O advogado Fábio Konder Comparato contestou a decisão da Comissão Nacional da Verdade de trabalhar em regime de sigilo. Para o professor emérito da Faculdade de Direito da Universidade de São Paulo (FD/USP), a divulgação das averiguações sobre violações de direitos humanos na época do regime militar é importante para que o povo brasileiro tome consciência desses crimes.
A consideração do jurista se deu conferência Direitos Humanos e Comissão da Verdade., ocorrida no Instituto de Estudos Avançados (IEA/USP), no dia 24 de abril. A palestra marcou o lançamento da 77ª edição da revista “Estudos Avançados”, a qual traz, entre seus destaques, uma entrevista com o expositor. Além disso, o seminário teve como objetivo a tentativa de compreender a reação moderada da sociedade brasileira às atrocidades cometidas pelo regime militar de 1964.
Para a análise, o professor fez um comparativo entre a resposta dada pelo povo brasileiro e pelo povo argentino quando submetido à semelhante situação. “Os argentinos exigiram muito mais rápido a punição pelos crimes cometidos pela junta militar. Logo após do fim do regime, já criou-se uma comissão para investigar o desaparecimento de pessoas”, explicou .“Já o Brasil insistiu em ser o único país da América Latina onde não foram abertos processos criminais contra os militares”.
Fábio Comparato acredita que esse contraste nas respostas entre brasileiros e argentinos se deve à mentalidade coletiva de cada um dos povos. “O caráter do povo argentino é bastante diferente, se comparado ao brasileiro. Eles têm o costume de agir sem disfarce e sem dissimulação”, atestou o professor.“Na Argentina, não há concessão ou acordo entre partidos opostos”, explicou.

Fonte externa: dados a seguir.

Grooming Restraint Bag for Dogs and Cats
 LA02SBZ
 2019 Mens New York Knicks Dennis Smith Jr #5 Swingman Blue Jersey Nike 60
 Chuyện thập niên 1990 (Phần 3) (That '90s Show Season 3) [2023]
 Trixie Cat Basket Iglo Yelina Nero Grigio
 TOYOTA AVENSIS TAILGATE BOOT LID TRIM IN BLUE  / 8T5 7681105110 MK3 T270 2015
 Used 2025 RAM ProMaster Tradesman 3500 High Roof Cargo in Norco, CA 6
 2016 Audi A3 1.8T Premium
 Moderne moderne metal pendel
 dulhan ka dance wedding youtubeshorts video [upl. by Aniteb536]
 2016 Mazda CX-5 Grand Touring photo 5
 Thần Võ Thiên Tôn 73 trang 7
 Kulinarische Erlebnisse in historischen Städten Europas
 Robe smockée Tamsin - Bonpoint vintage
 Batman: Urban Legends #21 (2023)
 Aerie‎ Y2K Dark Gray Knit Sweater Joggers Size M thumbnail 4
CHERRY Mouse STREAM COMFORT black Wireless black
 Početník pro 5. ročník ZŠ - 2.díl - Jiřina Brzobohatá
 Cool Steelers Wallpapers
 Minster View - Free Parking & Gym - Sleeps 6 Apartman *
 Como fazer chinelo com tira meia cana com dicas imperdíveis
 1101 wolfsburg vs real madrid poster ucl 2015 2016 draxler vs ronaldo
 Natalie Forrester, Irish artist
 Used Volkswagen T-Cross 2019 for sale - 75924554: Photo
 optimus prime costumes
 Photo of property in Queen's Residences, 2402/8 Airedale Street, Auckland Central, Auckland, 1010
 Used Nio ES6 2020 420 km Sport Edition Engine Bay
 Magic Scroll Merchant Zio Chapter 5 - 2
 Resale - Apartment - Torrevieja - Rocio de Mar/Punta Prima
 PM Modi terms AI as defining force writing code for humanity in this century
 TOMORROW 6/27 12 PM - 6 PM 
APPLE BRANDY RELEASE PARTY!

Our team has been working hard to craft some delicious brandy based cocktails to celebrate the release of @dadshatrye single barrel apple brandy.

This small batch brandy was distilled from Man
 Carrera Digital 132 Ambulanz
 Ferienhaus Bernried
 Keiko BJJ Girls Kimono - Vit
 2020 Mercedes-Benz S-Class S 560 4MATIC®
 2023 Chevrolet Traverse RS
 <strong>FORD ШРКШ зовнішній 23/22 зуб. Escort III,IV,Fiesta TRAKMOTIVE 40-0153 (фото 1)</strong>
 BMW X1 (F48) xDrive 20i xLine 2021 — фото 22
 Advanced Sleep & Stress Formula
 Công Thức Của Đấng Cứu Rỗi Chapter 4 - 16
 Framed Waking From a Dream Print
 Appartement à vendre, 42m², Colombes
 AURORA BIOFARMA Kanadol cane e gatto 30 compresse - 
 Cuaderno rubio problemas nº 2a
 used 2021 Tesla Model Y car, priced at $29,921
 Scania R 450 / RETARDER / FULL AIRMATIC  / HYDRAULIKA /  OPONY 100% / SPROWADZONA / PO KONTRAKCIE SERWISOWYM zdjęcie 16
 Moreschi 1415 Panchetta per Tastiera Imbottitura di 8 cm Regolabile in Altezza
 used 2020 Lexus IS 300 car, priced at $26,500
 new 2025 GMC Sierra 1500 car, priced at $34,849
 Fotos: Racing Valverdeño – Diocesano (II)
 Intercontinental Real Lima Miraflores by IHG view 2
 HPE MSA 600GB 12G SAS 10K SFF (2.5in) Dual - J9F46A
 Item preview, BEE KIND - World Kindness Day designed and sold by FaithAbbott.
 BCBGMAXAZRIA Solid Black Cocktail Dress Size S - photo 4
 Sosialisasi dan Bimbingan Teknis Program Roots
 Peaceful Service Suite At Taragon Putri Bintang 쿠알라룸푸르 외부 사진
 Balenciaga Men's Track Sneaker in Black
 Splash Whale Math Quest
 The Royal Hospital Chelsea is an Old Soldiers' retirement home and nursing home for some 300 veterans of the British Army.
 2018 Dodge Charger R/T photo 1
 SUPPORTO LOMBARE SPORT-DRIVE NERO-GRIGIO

De acordo com o jurista, a influência da escravidão de africanos e afrodescendentes não marcou o imaginário argentino tão fortemente como no Brasil. “A nossa tradição de empregados domésticos é um exemplo que mostra como ainda temos traços escravocratas”, comentou Comparato. “Felizmente o Senado Federal parece estar tentando humanizar mais esse trabalhador ao aprovar a PEC das Domésticas”. Segundo o professor, escravidão firmou, até hoje, na mentalidade coletiva do povo brasileiro, sobretudo nas camadas mais pobres, uma atitude de subserviência em relação aos poderosos. Isso justificaria, na opinião do advogado, o porquê de a reação brasileira aos crimes cometidos pelo regime militar ter sido tão branda.
Para Comparato, o Brasil precisa rever radicalmente seu conjunto de preferências, opiniões e preconceitos. “A grande reforma dessa nação somente será feita quando houver uma mudança profunda da mentalidade brasileira”. A medida mais urgente que o país deve tomar para haver uma real consolidação democrática, de acordo com o jurista, é a regulação comunitária dos veículos de comunicação. “Devemos acabar com o monopólio empresarial sobre a mídia. Os meios de comunicação do povo devem funcionar sob controle do povo. Se Deus quiser e a polícia deixar”, concluiu.